No bar on women’s entry into mosques but not for SC to rule, says Muslim board
The affidavit was filed in response to a plea by a Pune-based couple seeking declaration of “restrictions” on the entry of women into mosques as unconstitutional and violative of the right to equality under the Constitution.Updated: Jan 30, 2020 03:18 IST
Muslim women are free to enter mosques and Islamic texts do not restrict their entry into mosques for namaz, the All India Muslim Personal Law Board (AIMPLB) told the Supreme Court on Wednesday.
“Considering the said religious texts, doctrine and religious belief of the followers of Islam, it is submitted that entry of women in the Mosque for offering prayer/Namaz, inside the Mosque, is permitted. Thus, a Muslim woman is free to enter Masjid for prayers,” an affidavit filed by the AIMPLB said.
The affidavit was filed in response to a plea by a Pune-based couple seeking declaration of “restrictions” on the entry of women into mosques as unconstitutional and violative of the right to equality under the Constitution. The AIMPLB said it was for Muslim women to exercise their right to enter mosques and underlined that it was not obligatory on them unlike men to offer Friday prayers in congregation.
“I agree with the stance of the AIMPLB that Islam does not prohibit the entry of women into mosques. It is not mandatory for a woman to pray in a mosque. It [Islam] only gives an option to women to pray at home or in mosques. Muslim men, however, have to compulsorily offer prayers at Friday congregation,” said Supreme Court advocate Haris Beeran.
The AIMPLB pointed out mosques are purely private entities and it can only issue an advisory based on Islam. Neither AIMPLB nor the court “can enter into the arena of detailed arrangements of a religious place, which is a privately managed entity for religious practices of believers”, it added.

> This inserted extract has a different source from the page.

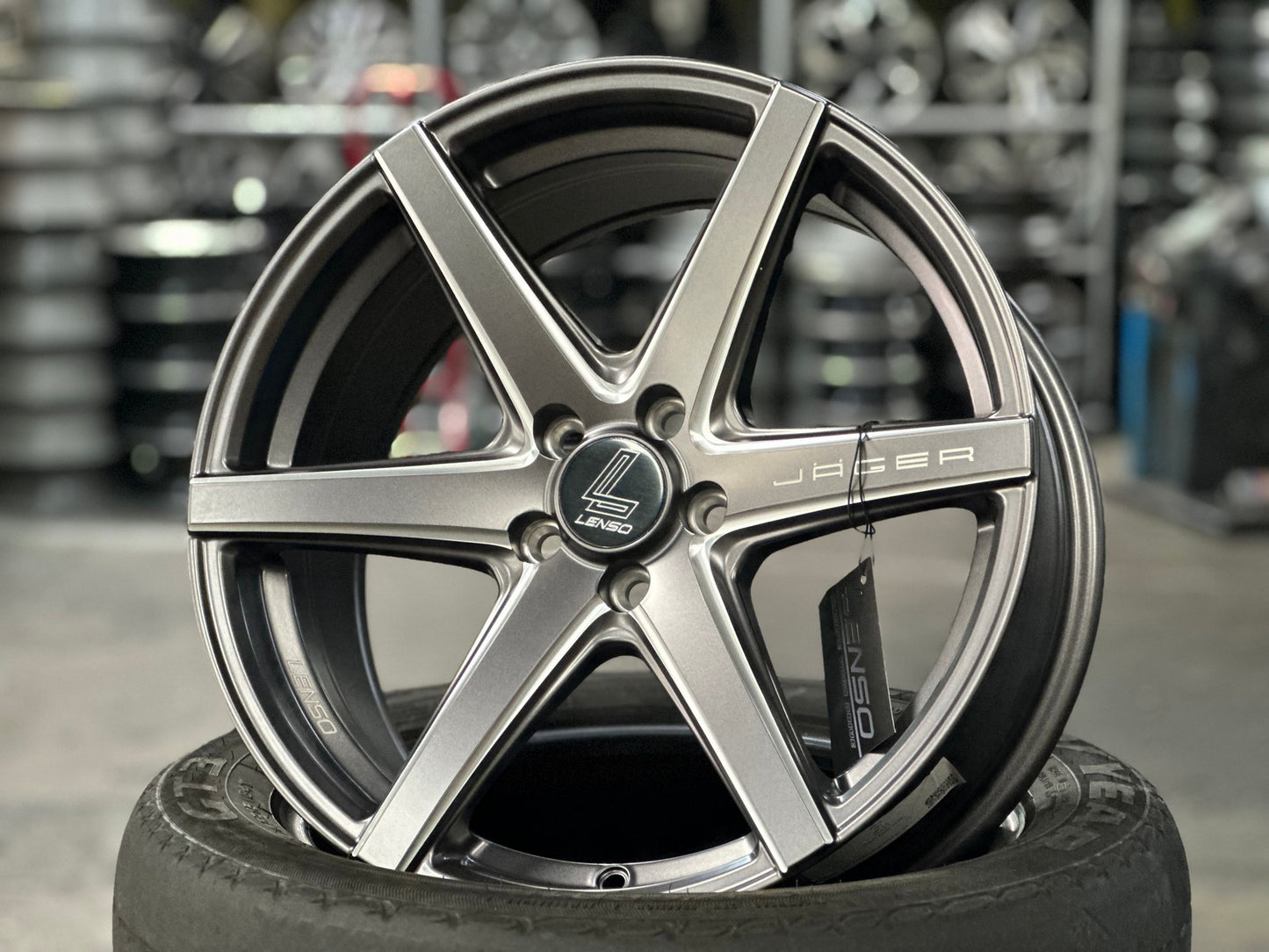 New 17X7.5 ET35 Lenso Jager Craft Rim (4 wheel) Matt Gunmetal 5X100
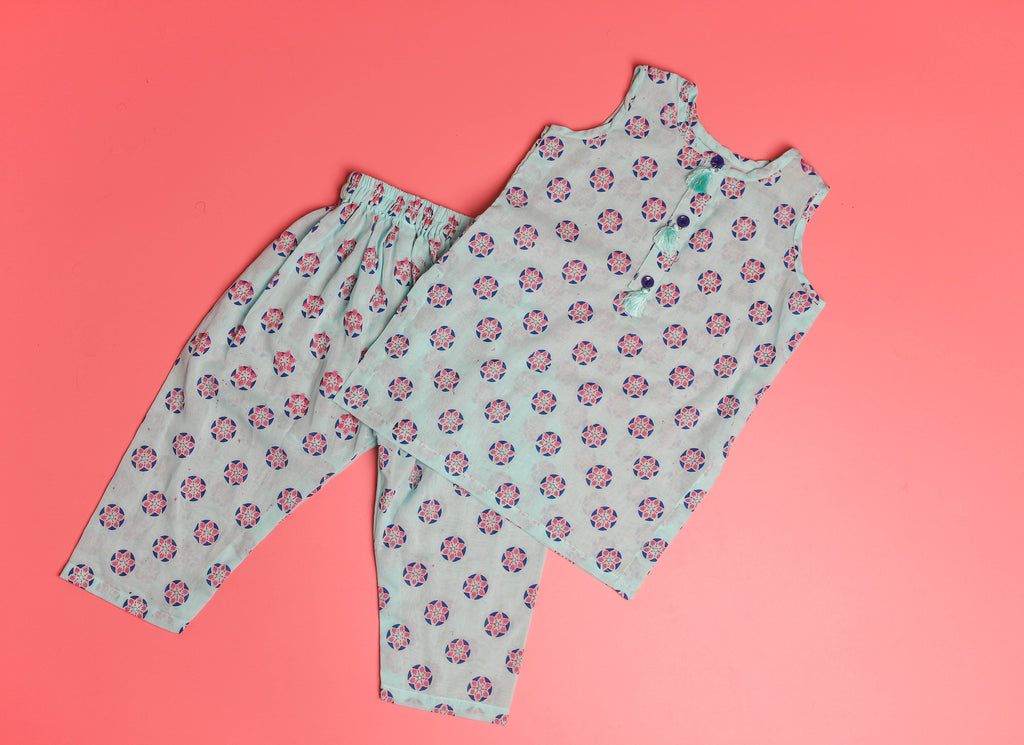 Sky Blue Petals (2 pc)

“As I understand, the prayer in the petition is to enter and pray in the same area as men. In India, most mosques allow women to pray but in separate prayer rooms. It is always better if the courts stay from religious debates like these...,” Beeran said.
The Pune couple has pointed out there is no gender discrimination while offering worship in Mecca, the holiest city for Muslims. The petitioners have therefore pleaded that all mosques be opened for Muslim women.
The case was first heard in April 2019. The Supreme Court had said that it will have to hear the matter due to its 2018 judgment in the Sabarimala case in which it ruled the ban on entry of women in the 10-50 age group into the Kerala temple was unconstitutional.
When the plea came up for hearing in October, the top court issued a notice to the Centre and the AIMPLB and sought their response.
In the November verdict of the Supreme Court on the Sabarimala review petitions, it referred three cases involving the rights of women vis-à-vis religious practices including the entry of Muslim women into mosques to a larger bench.